Rush’s Response to COVID-19

Rush University Medical Center opened its hospital Tower in 2012, it was the first Chicago area hospital specifically designed to provide treatment for an outbreak of an infectious disease, such COVID-19. As one of only 35 hospitals recognized by the Centers for Disease Control as a leader in disease treatment, we are uniquely equipped to meet patient needs, as well as others who may contract this novel coronavirus.

The Rush Tower has 40 negative pressure rooms, among the highest in Chicago. These assets are critical because it means that when the door to the room opens air from the hall moves into the room, not from the room to the hall, keeping infectious air particles in the room.

The Rush Emergency Department is divided into three 20-bed units — each of which can be isolated with separate air handling. Every ED bed is in its own room with a door, not a curtain, that further isolates each and every patient.

The emergency department's ambulance bay was transformed into a COVID-19 triage area.

The Emergency Department has an entry bay for ambulances that was converted into a forward triage area in early March 2020. The area also included a controlled entry point with a separate route into the hospital and negative airflow – all to ensure non-coronavirus related patients never come into to contact with a COVID-19 patient or any related contamination.

Within two hours, we can convert a wing of hospital into a negative pressure ward to accommodate more patients.

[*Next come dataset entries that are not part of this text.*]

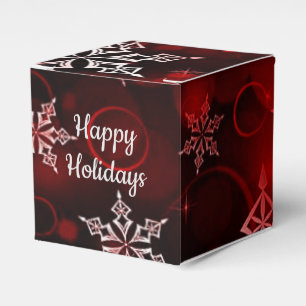 Crimson Red Snowflake Motif Cube Favor Box
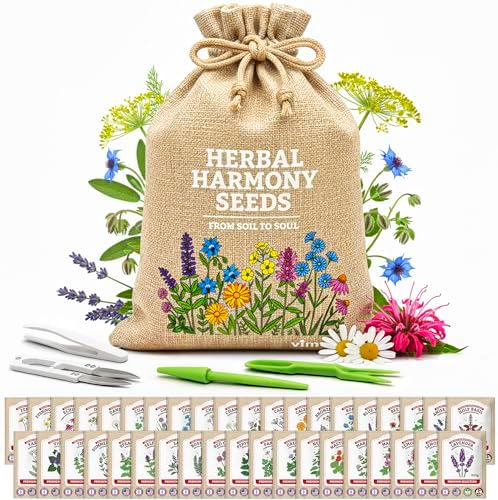 Medicinal Herb/Tea Seeds Garden -39 Variety Heirloom Gift Kit - Made in USA by Vimtoba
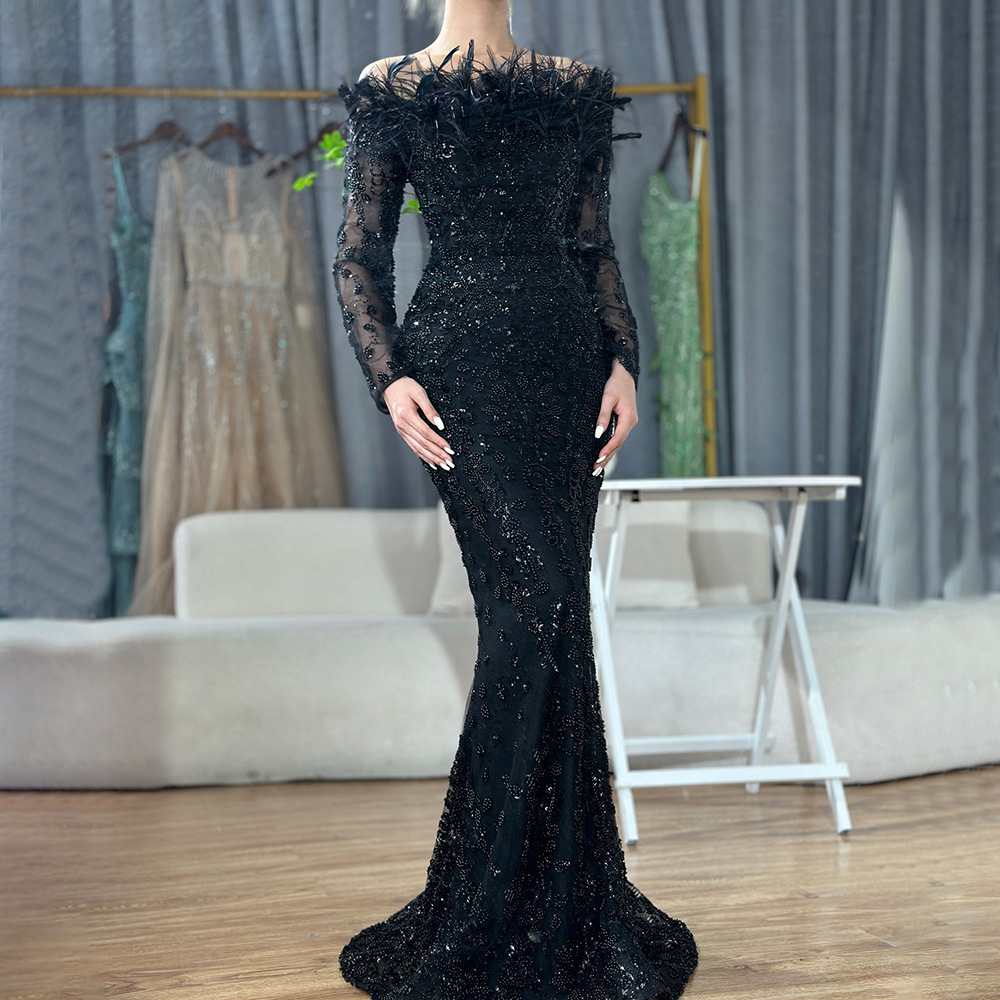 Black Fishtail Gowns - Floor-Length V-Neck Evening Dresses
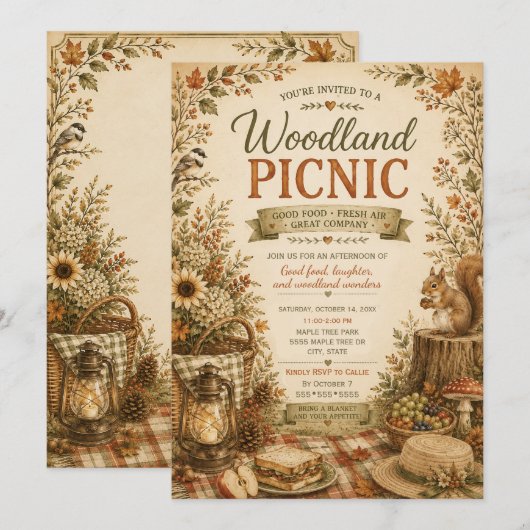 Herfst Roestige Oogst Bos Picknick Kaart (Voorkant / Achterkant)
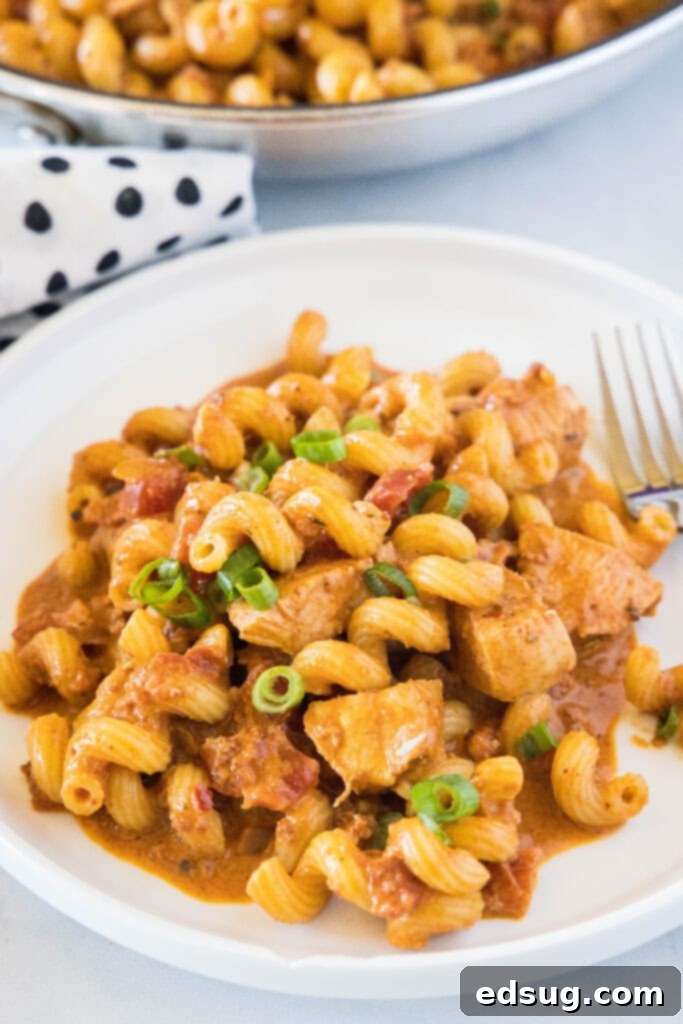 looking down on a white plate of chicken chorizo pasta
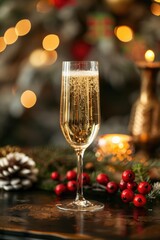Festive Champagne Glass with Holiday Decor and Bokeh Lights in Background
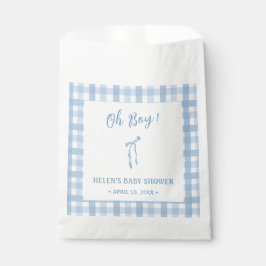 Blue bow simple plaid boys baby shower bedankzakje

Because of this unique approach to design, construction and staff, Rush quickly became a critical community resource in the fight against COVID-19. We were able to not only care for the COVID patients who came directly Rush, but also accept transfer patients from safety net hospitals across the region who were not equipped to provide care for severe cases of COVID.

Our preparedness for this type of public health crisis quickly positioned us as leaders – both nationally and internationally – in infectious disease readiness.